China: Folteropfer schreibt Hilferufe auf Zettel in Primark-Socken

Versteckt in Baumwollsocken von Primark tauchten dieser Tage gleich zweimal Hilferufe eines Folteropfers aus China auf. Der Modekonzern will damit nichts zu tun haben und spricht von einem gefälschten PR-Gag. EPOCH TIMES forschte nach und fand Hinweise, dass die Briefe echt sind.
Titelbild
Gleich zweimal tauchten in den letzten zwei Wochen Botschaften eines gefangenen Chinesen in Primark-Socken auf.Foto: Letter: Courtesy of Lucy Kirk / Peter Macdiarmid/Getty Images
Von und 23. Dezember 2015

Derzeit werde ich mit Gewalt im Lingbi Internierungslager festgehalten.

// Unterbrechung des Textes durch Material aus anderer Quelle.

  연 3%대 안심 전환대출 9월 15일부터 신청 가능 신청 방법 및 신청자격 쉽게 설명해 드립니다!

Ich wurde körperlich und seelisch schwer gefoltert und geschädigt!", diese Botschaft fand in Großbritannien dieser Tage ein Primark-Kunde in einem Paar Socken, kleingefaltet auf einem Zettel geschrieben. Absender ist ein Mann, der sich Ding Tingkun nennt. Am 22. Juni dieses Jahres schrieb er den Brief mit schwarzem Fineliner auf liniertes Papier. Die Daily Mail berichtete am 21. Dezember über den Fund, den Shahkiel Akbar aus Newcastle machte.

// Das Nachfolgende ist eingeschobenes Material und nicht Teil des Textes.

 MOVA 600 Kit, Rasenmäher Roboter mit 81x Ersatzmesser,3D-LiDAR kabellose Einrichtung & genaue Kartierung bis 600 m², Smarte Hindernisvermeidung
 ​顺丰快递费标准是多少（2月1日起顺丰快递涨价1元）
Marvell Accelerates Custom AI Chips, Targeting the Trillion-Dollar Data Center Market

Zehn Tage vor Akbars Entdeckung fand der Vater von Lucy Kirk aus Huddersfiel eine ähnliche Notiz ebenfalls in Primark-Socken: Wieder schrieb Ding Tingkun, diesmal am 29. Juni. „Meine Frau wird zwangsweise in einer psychiatrischen Klinik festgehalten … mein Vater wurde im Krankenhaus von Damiao am 22. Mai 2014 ermordet!", hieß es dort. Und auch darin war von korrupten Beamten die Rede, die ihn falsch beschuldigt und verurteilt hätten. 

Der Brief im Wortlaut:

Mein Name ist Ding Tingkun, männlich, 39. Adresse: Anhui-Provinz, Stadt Suzhou, Lingbi, Bezirk Damiao, Dorf Shatan, sechstes Kollektiv.

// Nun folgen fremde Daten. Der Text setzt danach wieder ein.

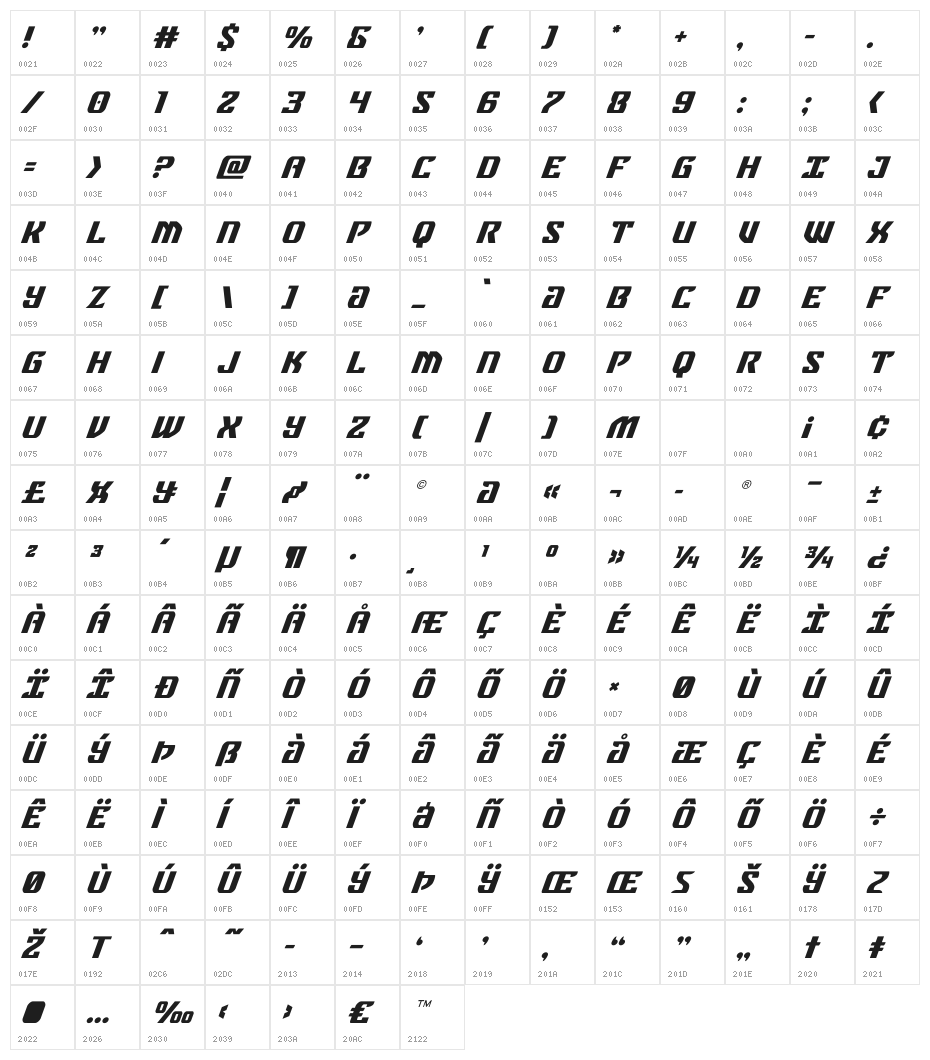 Federal Blue Super-Italic Character Map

Weil ich nach Peking ging, um ehrlich den nationalen Regierungschefs über korrupte Polizeibeamte zu berichten, die ihre Pflicht verletzen und offen Mafiabanden und Kriminelle schützen, wurde ich fälschlicherweise des Betrugs und der Erpressung beschuldigt und durch die Polizeistation von Lingbi, Damiao Bezirk, deren Chefs Gu Min , Jiang Guangzhao usw. illegal am 29. Juni 2014 vom Lingbi Volksgericht zu drei Jahren Gefängnis verurteilt.

Danach wandte ich mich ans Mittlere Volksgericht Suzhou.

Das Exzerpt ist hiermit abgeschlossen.